The Dead Bodies of the West African Ebola Epidemic: Understanding the Importance of Traditional Burial Practices

By Jamie J. Shah
2015, Vol. 7 No. 11 | pg. 3/4 |

Society, Culture, and Burial Conflicts within the Current Ebola Virus Disease Epidemic

Ebola virus disease continues to devastate West African nations, specifically Sierra Leone, Liberia, and Guinea since it first originated in the area. This current outbreak is said to be the largest ever recorded and has been spread almost exclusively through human contact (Richards, 2015). The World Health Organization reported in September 2015 that there were approximately 28,256 confirmed cases of Ebola virus disease and over 11,000 reported deaths the Upper West African area (World Health Organization Ebola Situation Report 16th September 2015)). Currently Sierra Leone and Guinea a experiencing a decline in confirmed cases and Liberia has been declared free of Ebola virus transmission in the human population since September 3rd.

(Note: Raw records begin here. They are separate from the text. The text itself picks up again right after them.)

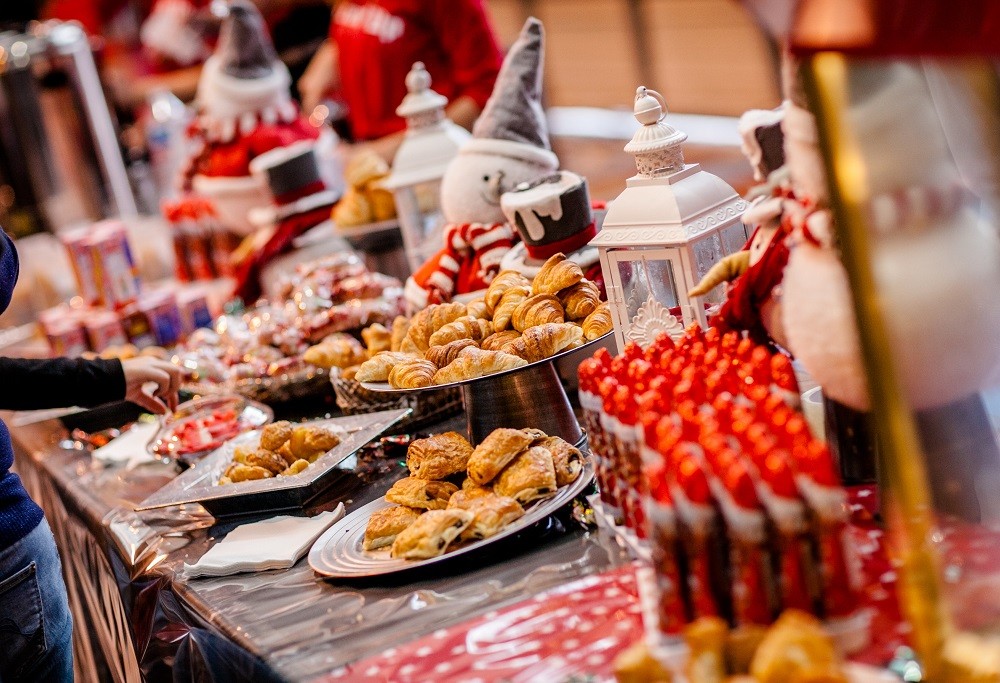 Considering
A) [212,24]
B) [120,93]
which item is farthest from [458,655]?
[120,93]

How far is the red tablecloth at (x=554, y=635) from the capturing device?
1.07 m

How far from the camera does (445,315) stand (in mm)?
1875

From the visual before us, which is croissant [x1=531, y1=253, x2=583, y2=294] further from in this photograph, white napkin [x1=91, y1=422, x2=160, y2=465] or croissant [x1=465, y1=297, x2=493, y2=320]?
white napkin [x1=91, y1=422, x2=160, y2=465]

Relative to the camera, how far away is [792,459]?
0.95 m

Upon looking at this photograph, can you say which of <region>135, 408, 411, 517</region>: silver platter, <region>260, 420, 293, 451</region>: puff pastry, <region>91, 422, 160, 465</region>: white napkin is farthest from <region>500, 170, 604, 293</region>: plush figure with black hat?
<region>91, 422, 160, 465</region>: white napkin

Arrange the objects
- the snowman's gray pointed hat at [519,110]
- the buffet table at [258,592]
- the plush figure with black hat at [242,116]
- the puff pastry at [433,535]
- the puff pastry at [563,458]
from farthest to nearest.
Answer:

It is vital to understand the role of social factors in the transmission of this disease and methods of stopping its spread. The effects of Ebola virus disease go beyond the spread of the infection and death rates to include many other social, cultural, and economic factors. Especially, in Sierra Leone, Liberia, and Guinea, whose entire way of life has been taken over to contain the spread of Ebola virus disease, their social structure has been greatly impacted. Key social impacts due to Ebola management are found in strained contact relationships and restrictions on important funeral and mourning traditions. In order to understand the social tension between those who are affected by the disease and the health care workers and organizations, the current situation of the disease must be recognized.

Misconceptions About Ebola in West Africa

To accurately understand the social tension between the West African cultural groups affected by the Ebola virus disease and the healthcare organizations attempting to control its spread, it is important to discuss common misconceptions about the Ebola virus. These misconceptions often are the core reasons why families of the victims are adamantly fighting to keep the bodies of their loved ones to conduct traditional burials instead of allowing prepared burial teams to handle the infected bodies. All of these misunderstandings drastically impact how families and victims react to Ebola virus disease and the healthcare workers there to help contain it.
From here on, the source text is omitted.